Provided entries.
== == ==

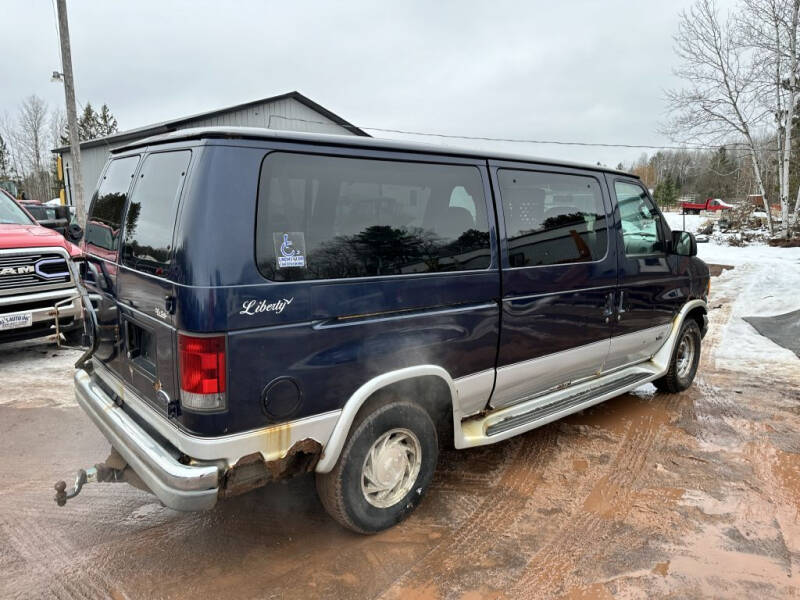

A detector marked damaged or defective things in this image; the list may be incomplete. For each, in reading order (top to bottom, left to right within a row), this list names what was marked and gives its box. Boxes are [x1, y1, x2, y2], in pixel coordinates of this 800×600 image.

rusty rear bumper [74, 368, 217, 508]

== == ==

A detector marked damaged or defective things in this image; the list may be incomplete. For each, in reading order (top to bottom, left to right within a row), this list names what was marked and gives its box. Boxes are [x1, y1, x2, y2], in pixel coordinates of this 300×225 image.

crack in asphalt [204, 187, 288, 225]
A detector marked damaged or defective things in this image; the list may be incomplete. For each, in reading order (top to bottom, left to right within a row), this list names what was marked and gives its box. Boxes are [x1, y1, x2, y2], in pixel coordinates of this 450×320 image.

== == ==

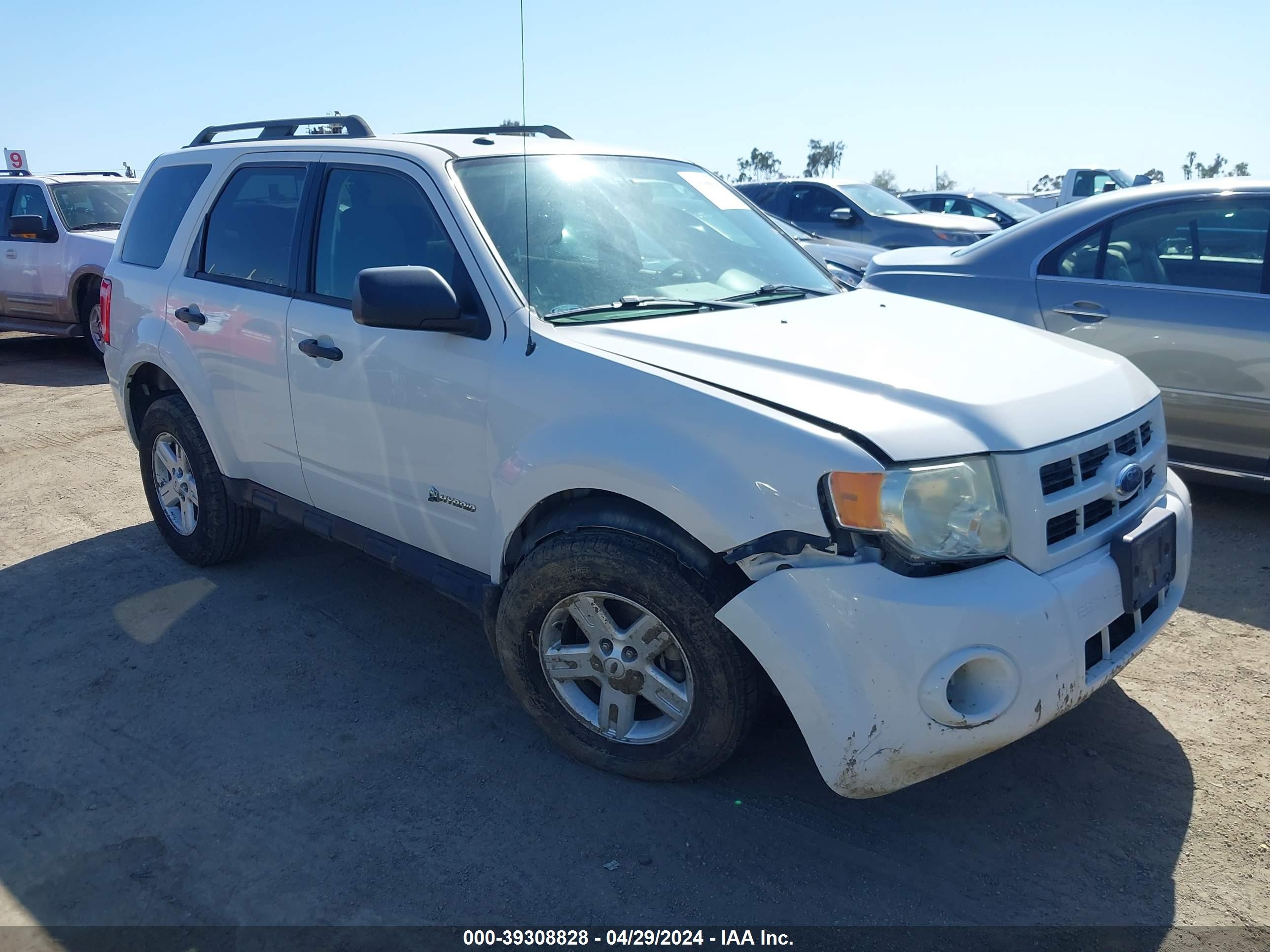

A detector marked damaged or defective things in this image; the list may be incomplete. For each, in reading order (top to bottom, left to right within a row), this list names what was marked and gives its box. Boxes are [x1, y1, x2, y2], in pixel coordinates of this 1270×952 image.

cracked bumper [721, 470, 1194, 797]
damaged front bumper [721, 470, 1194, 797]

== == ==

Task brief. Nothing but the lines above from the one containing "this 300×225 image." through the one containing "this 450×320 image." should appear in the answer, each repeated exactly.

Task answer.
A detector marked damaged or defective things in this image; the list may be incomplete. For each, in reading order (top to bottom, left to right within a row), this list names what was marked and gives its box. Boxes are [x1, y1, x2, y2], in pixel coordinates of this 300×225 image.

crack in asphalt [204, 187, 288, 225]
A detector marked damaged or defective things in this image; the list may be incomplete. For each, in reading order (top to bottom, left to right within a row), this list names what was marked and gives its box. Boxes are [x1, y1, x2, y2], in pixel coordinates of this 450×320 image.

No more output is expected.